​In Pet Valu Canada Inc. v. Rodger, Justice Nishikawa of the Ontario Superior Court of Justice granted summary judgment against the former owner of a franchisee in the amount of $1.7 million. The judgment was for costs that were awarded against the franchisee in a prior, hard-fought proceeding that lasted nearly 7 years.

The judgment is the latest installment in a run of precedent-setting decisions arising out of the class action 1250264 Ontario Inc. v. Pet Valu Canada Inc. That proceeding commenced in December 2009 and ended in October 2016,when the Supreme Court of Canada dismissed the franchisee's application for leave to appeal.

The franchisee, a numbered company that had been reduced to a shell with no assets, had stood as the representative plaintiff in the class action against Pet Valu Canada Inc. ("Pet Valu"). Following the Supreme Court's dismissal, Pet Valu commenced a new action against the individual who had owned the franchise and sold it in 2012, mid-way through the prior litigation. Its claim was based both on an indemnification provision in the franchise agreement and the terms of a personal guarantee signed by the owner.

The indemnification provision had the effect of requiring the franchisee, defined to include its shareholders, to indemnify Pet Valu for legal costs in any proceeding commenced by the franchisee against Pet Valu. Costs would be indemnified in an inverse proportion to the franchisee's recovery in the proceeding. For example, if the franchisee recovered the entire amount it claimed in the proceeding, then no legal costs would be indemnified. Here, where the franchisee had claimed $100 million in the class action and recovered nothing, the provision required indemnification of 100% of Pet Valu's legal costs. Pet Valu strategically side-stepped questions of the reasonableness of the costs it had incurred by moving for judgment solely for costs awarded by the Court, and therefore already assessed as reasonable.

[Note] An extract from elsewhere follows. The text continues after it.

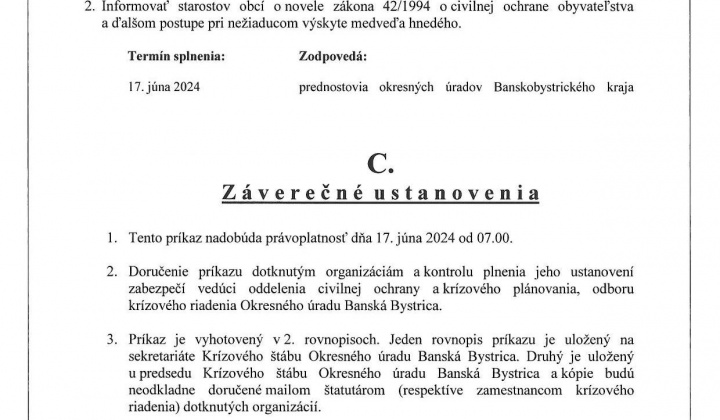 2. fotografia fotogalérie Príkaz prednostu Okresného úradu Banská Bystrica č.3/2024 o odvolaní mimoriadnej situácie - foto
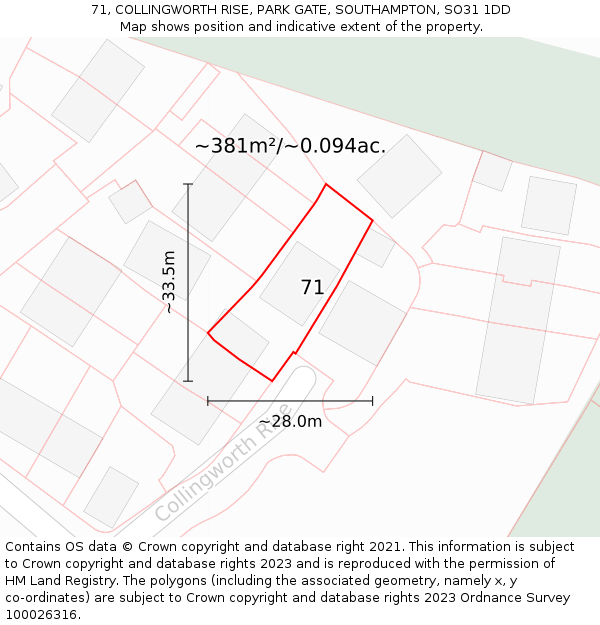 71, COLLINGWORTH RISE, PARK GATE, SOUTHAMPTON, SO31 1DD: Plot and title map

Justice Nishikawa found the individual owner to be bound by the franchise agreement and the indemnification provision therein, and would have held him liable under the personal guarantee in any event. She found no reason to distinguish class actions from any other proceeding to which the indemnification provision might apply. She further summarily dismissed the owner's arguments that the limitation period had expired and that the costs claim was released as part of a settlement of a separate proceeding.

The decision of the Superior Court may give serious pause to potential class representatives, particularly in the franchise context, where both indemnification provisions and personal guarantees may be common.